The women who’ve been recruited into the Black Mambas tend to come from the local communities — the same ones where poachers look to draw villagers into the trade. It’s not that the joiners hate animals; the fact is, opportunities to generate a real income in their neighborhoods are slim. To stress the value of conservation and to push back against the idea that poachers make fast cash, the Mambas introduced “Bush Babies” lessons to reach kids in schools. “If the Mambas patrol the fence, but their message is not getting into the communities, then they’re fighting a losing battle,” says Lewyn Maefala, who helps run the initiative. “We have to tackle both sides — in the reserve and in the classroom.” Over Skype last year, Maefala schooled me in the Mambas’ environmental efforts, changing perceptions in South Africa, and what makes women better at this work than men.
Mattie Kahn: At what point in your life did you realize you were interested in nature?
Lewyn Maefala: When I was growing up, I wanted to be a lawyer, but I didn’t have enough money to go to school. So I thought, If I can’t protect people, I’ll protect nature. I’ve loved nature since I was young, and I wished that one day I would come and help save wildlife.
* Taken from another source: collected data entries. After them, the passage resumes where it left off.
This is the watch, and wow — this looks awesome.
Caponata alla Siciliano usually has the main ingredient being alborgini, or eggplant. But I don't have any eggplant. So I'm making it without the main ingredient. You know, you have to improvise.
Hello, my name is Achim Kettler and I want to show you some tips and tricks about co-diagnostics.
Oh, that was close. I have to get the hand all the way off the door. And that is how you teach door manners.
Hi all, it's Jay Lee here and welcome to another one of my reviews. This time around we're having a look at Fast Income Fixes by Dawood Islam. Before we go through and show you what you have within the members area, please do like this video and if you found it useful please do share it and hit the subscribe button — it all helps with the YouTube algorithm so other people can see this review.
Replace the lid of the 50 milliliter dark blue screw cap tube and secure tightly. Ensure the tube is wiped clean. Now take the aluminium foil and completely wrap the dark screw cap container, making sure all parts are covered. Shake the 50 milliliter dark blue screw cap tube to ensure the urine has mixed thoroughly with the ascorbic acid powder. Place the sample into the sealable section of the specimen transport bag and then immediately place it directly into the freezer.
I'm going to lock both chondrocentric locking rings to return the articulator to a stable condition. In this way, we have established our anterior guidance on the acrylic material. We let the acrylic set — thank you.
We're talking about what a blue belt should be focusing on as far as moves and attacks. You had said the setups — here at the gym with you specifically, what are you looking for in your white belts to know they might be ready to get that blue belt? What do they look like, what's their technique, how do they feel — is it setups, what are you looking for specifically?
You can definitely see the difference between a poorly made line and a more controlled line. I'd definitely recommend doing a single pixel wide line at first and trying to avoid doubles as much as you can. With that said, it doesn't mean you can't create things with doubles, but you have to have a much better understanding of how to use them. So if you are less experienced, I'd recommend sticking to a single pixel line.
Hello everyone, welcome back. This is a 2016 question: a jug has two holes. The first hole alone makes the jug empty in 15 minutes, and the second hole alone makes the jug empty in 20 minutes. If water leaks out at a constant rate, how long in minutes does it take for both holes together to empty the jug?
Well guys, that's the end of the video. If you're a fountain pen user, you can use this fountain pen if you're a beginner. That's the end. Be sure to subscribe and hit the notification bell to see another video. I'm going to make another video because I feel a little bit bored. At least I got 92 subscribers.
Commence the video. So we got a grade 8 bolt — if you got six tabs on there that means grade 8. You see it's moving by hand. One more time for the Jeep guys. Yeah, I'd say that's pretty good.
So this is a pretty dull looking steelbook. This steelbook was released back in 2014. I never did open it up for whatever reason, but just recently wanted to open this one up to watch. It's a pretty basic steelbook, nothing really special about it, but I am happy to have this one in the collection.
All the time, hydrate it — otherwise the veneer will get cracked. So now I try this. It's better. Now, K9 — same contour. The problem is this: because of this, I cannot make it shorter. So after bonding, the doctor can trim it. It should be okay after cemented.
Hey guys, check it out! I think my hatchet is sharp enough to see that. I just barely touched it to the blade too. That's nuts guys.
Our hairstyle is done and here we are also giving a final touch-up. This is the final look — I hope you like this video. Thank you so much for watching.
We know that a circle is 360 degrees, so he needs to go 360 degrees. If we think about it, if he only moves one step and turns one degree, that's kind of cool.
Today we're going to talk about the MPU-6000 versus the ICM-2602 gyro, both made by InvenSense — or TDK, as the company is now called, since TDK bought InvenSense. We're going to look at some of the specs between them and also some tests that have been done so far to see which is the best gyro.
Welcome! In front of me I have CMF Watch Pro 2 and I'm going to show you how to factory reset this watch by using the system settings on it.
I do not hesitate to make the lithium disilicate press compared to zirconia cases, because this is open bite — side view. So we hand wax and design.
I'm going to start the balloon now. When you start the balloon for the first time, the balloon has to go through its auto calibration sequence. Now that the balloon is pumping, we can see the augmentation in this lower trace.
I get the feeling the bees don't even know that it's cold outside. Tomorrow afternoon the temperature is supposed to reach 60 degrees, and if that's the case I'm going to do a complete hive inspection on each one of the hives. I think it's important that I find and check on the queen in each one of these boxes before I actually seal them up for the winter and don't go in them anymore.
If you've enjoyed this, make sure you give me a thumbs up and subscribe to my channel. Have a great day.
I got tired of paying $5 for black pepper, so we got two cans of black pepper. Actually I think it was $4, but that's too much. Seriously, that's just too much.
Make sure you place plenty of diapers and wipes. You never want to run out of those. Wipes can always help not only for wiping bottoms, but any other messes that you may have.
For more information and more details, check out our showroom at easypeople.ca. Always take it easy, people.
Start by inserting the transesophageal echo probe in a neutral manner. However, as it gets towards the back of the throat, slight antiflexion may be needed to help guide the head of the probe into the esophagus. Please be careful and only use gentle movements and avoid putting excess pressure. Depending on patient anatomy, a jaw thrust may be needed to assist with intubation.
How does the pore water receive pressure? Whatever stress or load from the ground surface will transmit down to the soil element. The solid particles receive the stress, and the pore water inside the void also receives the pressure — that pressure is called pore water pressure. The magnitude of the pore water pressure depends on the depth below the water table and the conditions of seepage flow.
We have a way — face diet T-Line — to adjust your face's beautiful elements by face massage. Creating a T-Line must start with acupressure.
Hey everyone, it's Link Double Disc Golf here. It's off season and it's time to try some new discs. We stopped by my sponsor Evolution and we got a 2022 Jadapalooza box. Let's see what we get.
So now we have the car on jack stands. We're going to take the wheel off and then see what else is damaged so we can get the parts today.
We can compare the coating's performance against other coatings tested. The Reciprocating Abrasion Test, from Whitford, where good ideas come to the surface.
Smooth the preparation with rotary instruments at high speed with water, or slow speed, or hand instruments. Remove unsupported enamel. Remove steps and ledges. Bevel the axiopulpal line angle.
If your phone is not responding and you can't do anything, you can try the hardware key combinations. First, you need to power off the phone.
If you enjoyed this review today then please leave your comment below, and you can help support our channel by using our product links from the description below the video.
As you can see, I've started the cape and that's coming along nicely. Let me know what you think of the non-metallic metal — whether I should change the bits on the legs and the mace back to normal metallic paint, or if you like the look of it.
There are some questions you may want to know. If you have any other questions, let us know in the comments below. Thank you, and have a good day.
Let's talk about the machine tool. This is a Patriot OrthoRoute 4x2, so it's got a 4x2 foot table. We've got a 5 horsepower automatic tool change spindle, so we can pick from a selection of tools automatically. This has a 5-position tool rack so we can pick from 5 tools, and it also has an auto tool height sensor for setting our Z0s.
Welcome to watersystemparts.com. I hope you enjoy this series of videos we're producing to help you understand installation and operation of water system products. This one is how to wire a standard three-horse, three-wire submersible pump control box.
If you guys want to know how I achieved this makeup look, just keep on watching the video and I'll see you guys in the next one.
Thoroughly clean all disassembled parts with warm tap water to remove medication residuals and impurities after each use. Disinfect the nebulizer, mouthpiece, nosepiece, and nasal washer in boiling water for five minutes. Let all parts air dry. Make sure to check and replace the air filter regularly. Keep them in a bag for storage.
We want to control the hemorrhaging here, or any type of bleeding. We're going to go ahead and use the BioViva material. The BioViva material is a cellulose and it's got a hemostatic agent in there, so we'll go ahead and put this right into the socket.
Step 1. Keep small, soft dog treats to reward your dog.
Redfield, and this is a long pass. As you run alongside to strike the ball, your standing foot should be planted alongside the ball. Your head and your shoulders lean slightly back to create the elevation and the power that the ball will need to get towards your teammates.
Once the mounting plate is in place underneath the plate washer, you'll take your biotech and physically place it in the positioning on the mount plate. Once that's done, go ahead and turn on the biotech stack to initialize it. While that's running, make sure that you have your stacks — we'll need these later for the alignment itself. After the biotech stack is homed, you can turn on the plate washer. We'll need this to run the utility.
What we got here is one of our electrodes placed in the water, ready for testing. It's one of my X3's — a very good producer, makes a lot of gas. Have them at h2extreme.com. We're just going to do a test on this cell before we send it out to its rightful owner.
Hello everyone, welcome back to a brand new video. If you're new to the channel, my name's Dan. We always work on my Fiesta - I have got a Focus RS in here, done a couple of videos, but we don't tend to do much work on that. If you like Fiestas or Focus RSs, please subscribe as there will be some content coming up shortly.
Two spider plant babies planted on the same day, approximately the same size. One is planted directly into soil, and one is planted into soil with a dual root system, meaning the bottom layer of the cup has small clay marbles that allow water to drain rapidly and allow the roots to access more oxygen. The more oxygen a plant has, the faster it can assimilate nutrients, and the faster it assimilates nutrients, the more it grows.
After he founded Black Mambas, Craig [Spencer] went to villages to recruit new members. I was recruited, I came, and now that’s what I do.
MK: I know this is an obvious question, but what do animals need protection from?
LM: It’s poachers. Lately, we’re focused on rhinos, since the rate of killing them is so high. People come inside our reserve, looking for rhinos to kill for their horns, which they sell for money. We protect the animals, and we are there to remind the poachers that we are here, and we are watching.
MK: When you first decided to join the Black Mambas, what did people think? How supportive are local communities of this work?
LM: At first, they thought it was dangerous for me to do this kind of job. “It’s a man’s job!” I just laughed. Now they’re used to it, and they love it, especially because I’m doing it as a woman. I think mostly communities are supportive because they know that what we do is important.